### [DATA UNDER STUDY]

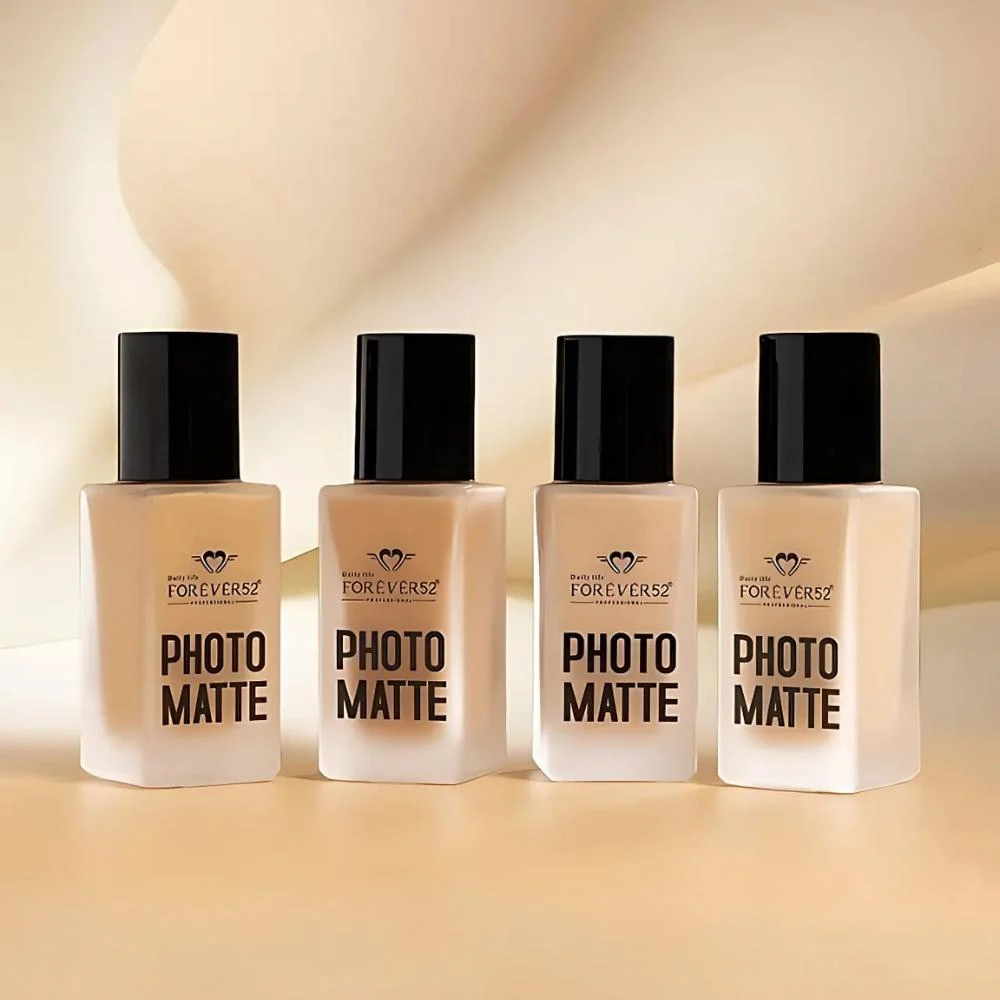 Photomatte Liquid Foundation מבית Forever52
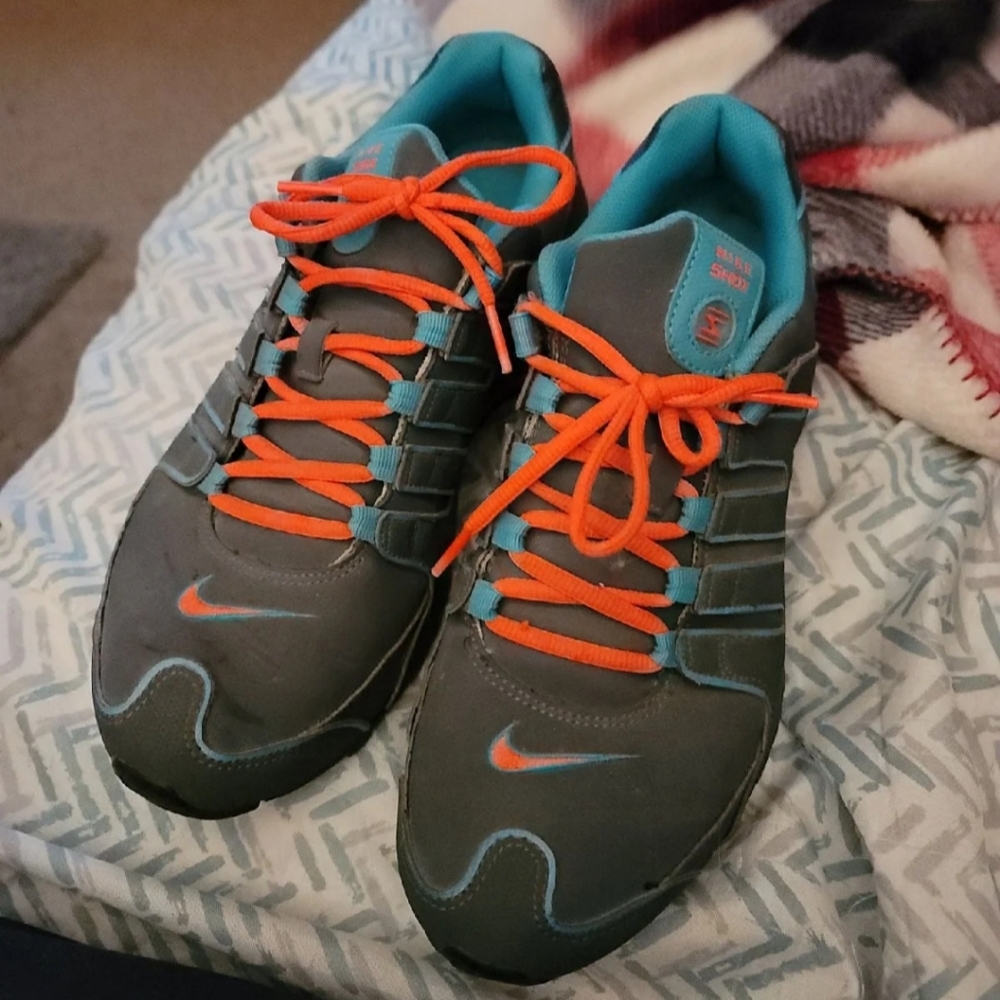 Womens nike shox sz 11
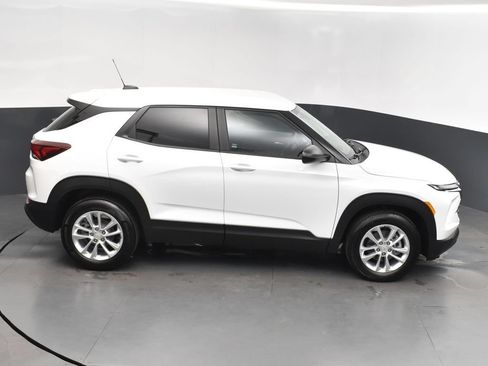 New 2025 Chevrolet TrailBlazer LS w/ LS Convenience Package FWD image 35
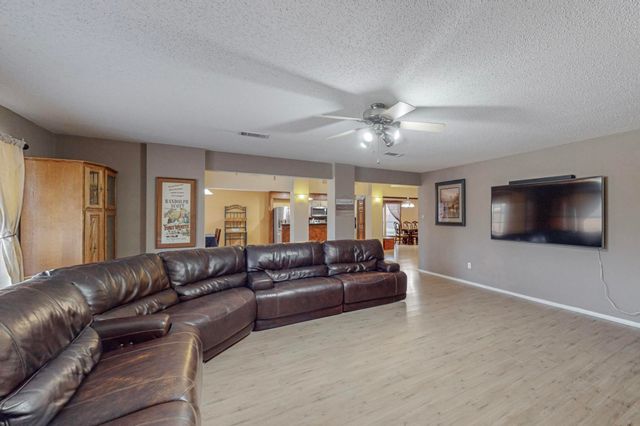 8202 Silverton Drive, Arlington, TX 76001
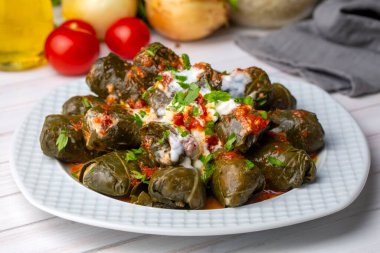 Haşlanmış yapraklı lahana dolması, geleneksel Türk türkçesi Karadeniz bölgesi yiyeceği, sarma, dolma (Türkçe adı Kara lahana sarmasi))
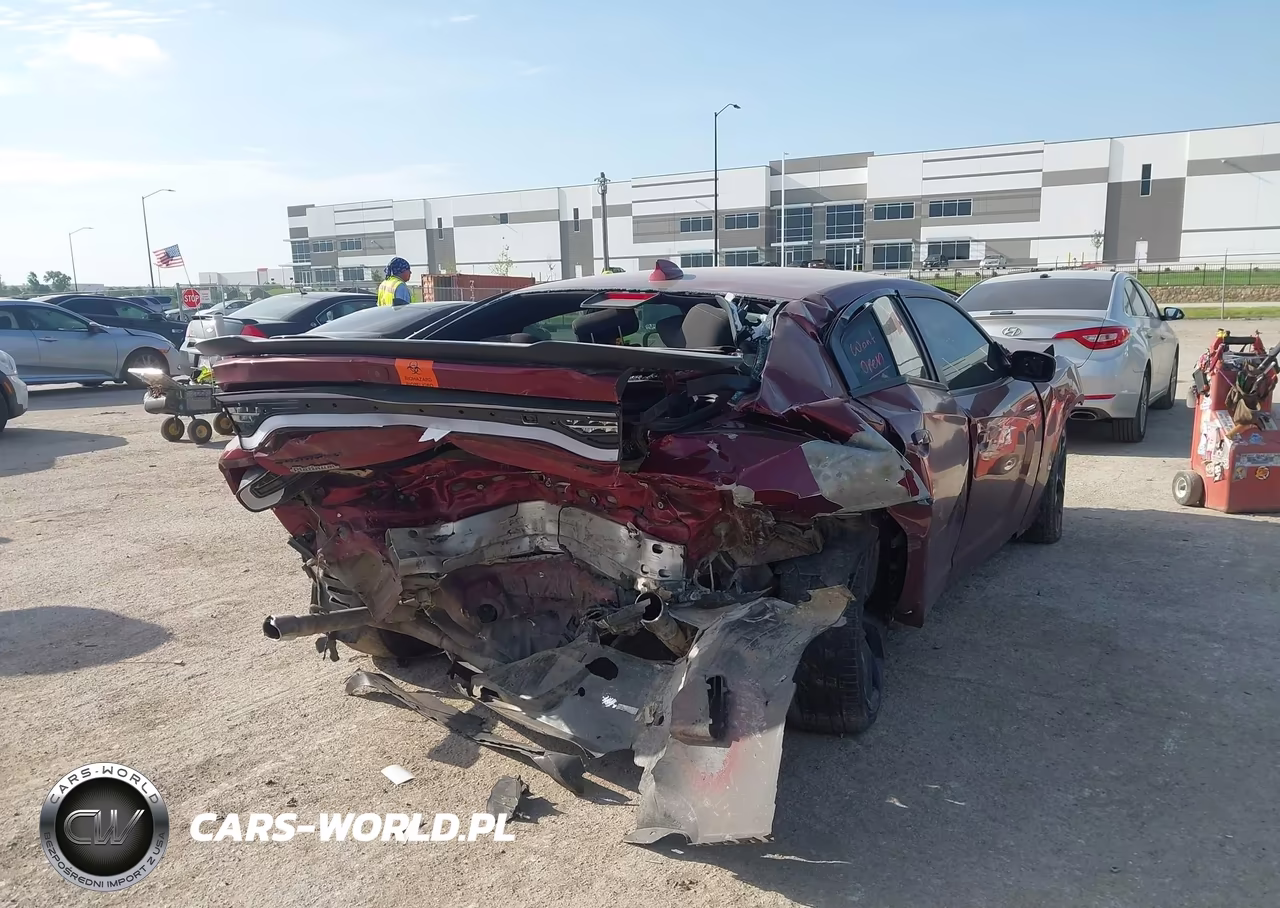 2022 Dodge Charger Gt Rwd VIN:2C3CDXHGXNH169560 - 4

### [INSTRUCTIONS TO FOLLOW]
Omit all pictures and write out, exactly, only the lines from the line containing "New 2025 Chevrolet" through the last line of the entries above.

### [REPLY TO THE TASK]
 New 2025 Chevrolet TrailBlazer LS w/ LS Convenience Package FWD image 35
 8202 Silverton Drive, Arlington, TX 76001
 Haşlanmış yapraklı lahana dolması, geleneksel Türk türkçesi Karadeniz bölgesi yiyeceği, sarma, dolma (Türkçe adı Kara lahana sarmasi))
 2022 Dodge Charger Gt Rwd VIN:2C3CDXHGXNH169560 - 4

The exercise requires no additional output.